Dr Swire, who is involved in the campaign for a trial on a neutral country and has worked as spokesman for the British families who lost relatives in the bombing, welcomed the court's decision. "I feel, probably unjustifiably, over the moon about it, very elated. To hear a learned court of this sort look at something so objectively and independently of the relative power of the two sides represented, it's really very refreshing," he said.
He agreed with the Libyan government on having a trial in a neutral country, even though "for all I know the Libyan government may well have played a part in murdering my daughter", he said. Libya did not trust the jury system and UN inspectors called in to examine the Scottish judicial system in December had expressed "very severe reservations" about it, Dr Swire said, adding: "They said the Scottish judiciary depends on the jurors entering the jury box with no preconceived ideas or knowledge of the case they are to try."
He did not think it possible to find a jury without "many preconceived notions" about the disaster. "We want truth and justice," he told BBC Radio 4's The World at One programme.
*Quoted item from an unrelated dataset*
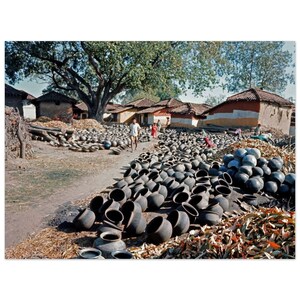 May include: A large group of black clay pots are arranged in rows on a dirt path in front of a village. The pots are all different sizes and shapes, and some are stacked on top of each other. There are several people walking in the background.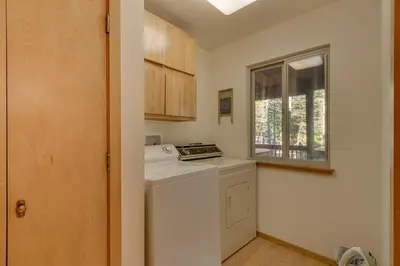 a small kitchen with a stove and a window at Deer Hollow by Tahoe Getaways at Northstar - 4BR w Hot Tub, Ski Shuttle, & HOA Amenities in Truckee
"It isn't just about the question of who killed our loved ones but also why they weren't prevented from doing it. There are a multitude of unanswered questions about the performance of British aviation security and intelligence which remain unanswered."
Responding to the ruling, the Foreign Secretary, Robin Cook, said: "This is neither a victory nor a defeat. The court has decided that it wishes to consider these complex issues in more detail at a full hearing. Meanwhile, the Resolutions of the United Nations Security Council stand: Libya must surrender those accused of the Lockerbie bombing for trial in Scotland or the United States."
The Labour MP Tam Dalyell, who supports the calls for a trial in a neutral country, also hailed the ruling, saying: "I will attempt to raise the court ruling in the House of Commons on Monday urging that the British and American governments agree with the judges that a trial should be held in a third country, preferably the Netherlands."